アラウィ首相指名の黒いゲームも悪くはない

 イラク統治評議会が、6月30日以降のイラク主権移譲で、その受け皿となる暫定政権の首相に、INA(the Iraqi National Accord:イラク国民合意)事務局長イヤド・アラウィ(Iyad Allawi)を指名した。予想外のことではないので驚きはしなかったのだが、落胆はした。国連ブラヒミはまんまと出し抜かれたのだ。
 朝日新聞系「ブラヒミ氏がアラウィ氏の指名を追認 国連には驚き」(参照)がこのあたりをイヤミったらしく書いている。


 複数の国連筋によると、アラウィ氏はブラヒミ氏が考える首相候補の一人に過ぎなかったという。

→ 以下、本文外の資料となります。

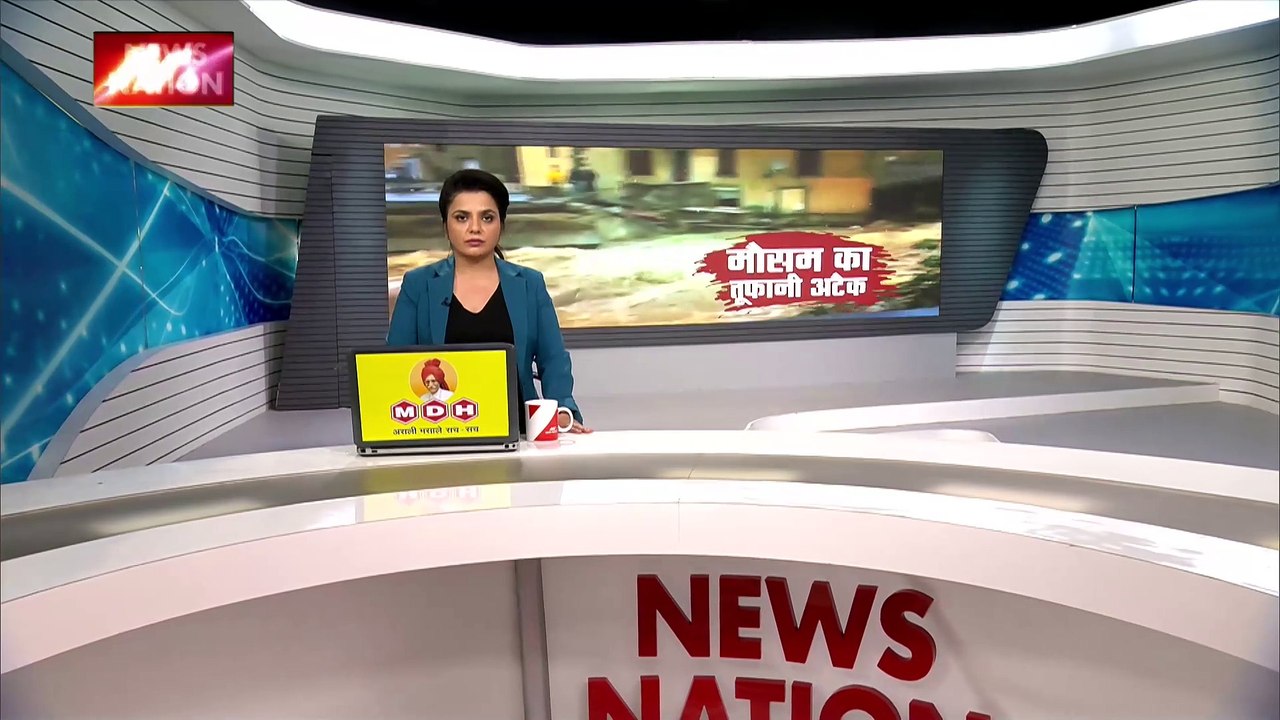 RASHTRAMEV JAYATE : सैलाबी आफत से दहशत में आधी दुनिया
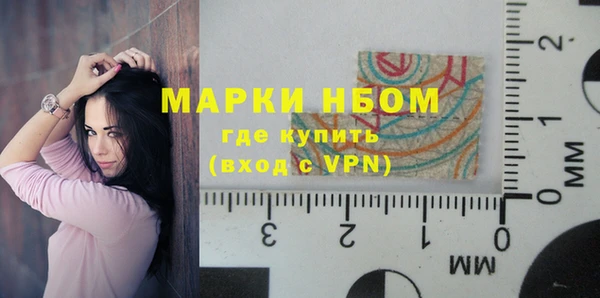 гидра Карталы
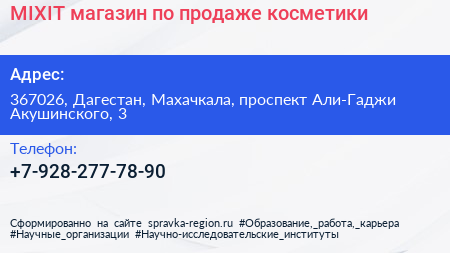 MIXIT магазин по продаже косметики - визитка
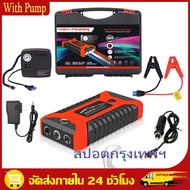 แบตเตอรี่รถยนต์มัลติฟังก์ชั่นแบบพกพา 99800MAH แบตเตอรี่กู้ภัย 12V สายไฟความจุขนาดใหญ่ ไฟฉุกเฉิน LED 
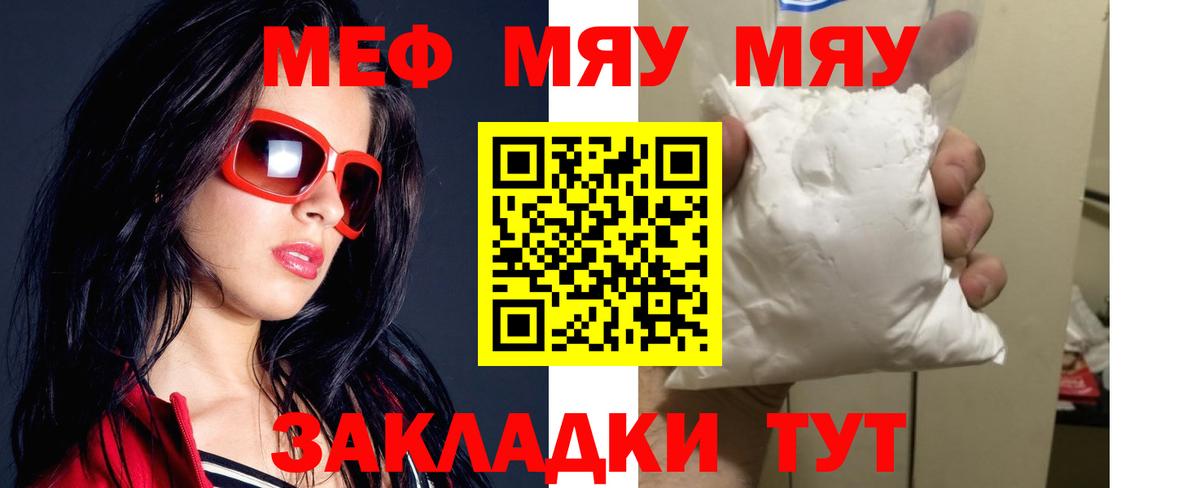 МЕФ  Сатка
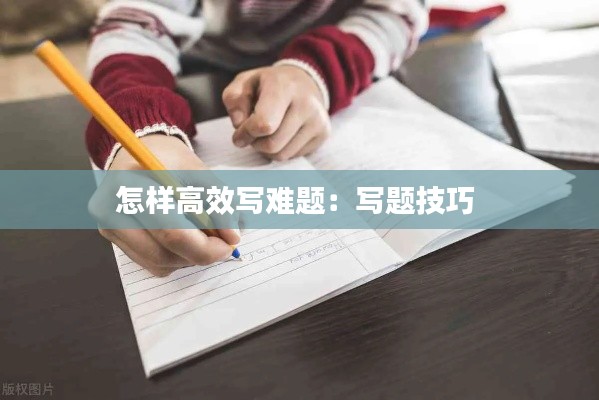 炙手可热 第2页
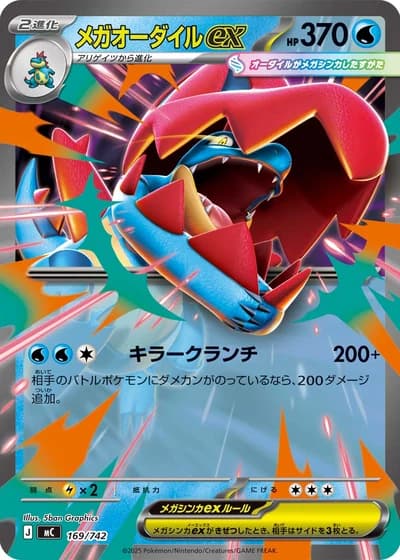 Mega Feraligatr ex #169/742 — Start Deck 100 Battle Collection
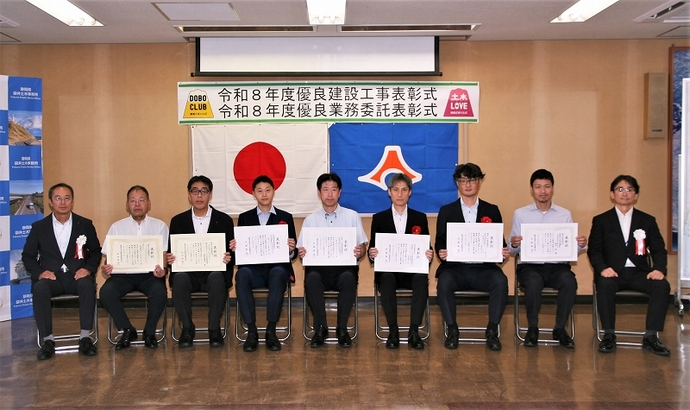 中遠農林事務所と袋井土木事務所優良業務委託の記念写真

27日に行われたアナン事務総長らによる組閣に関する内部協議でも名前は出なかった。
 エクハルト氏も「考えていたような形で物事が進まなかった」と、指名がブラヒミ氏の意向を無視して行われたことを示唆した。しかし、「イラクの人々は指名に合意しているようだ」として、その意向を尊重する姿勢を示した。

 ブラヒミ=国連は無力なものだなと思う。そして、国連が無力ということは、主権委譲後も別段、イラクでなにが変わるわけでもないということだ。同記事では、イヤミ路線で八つ当たり的にCIA関与を推測している。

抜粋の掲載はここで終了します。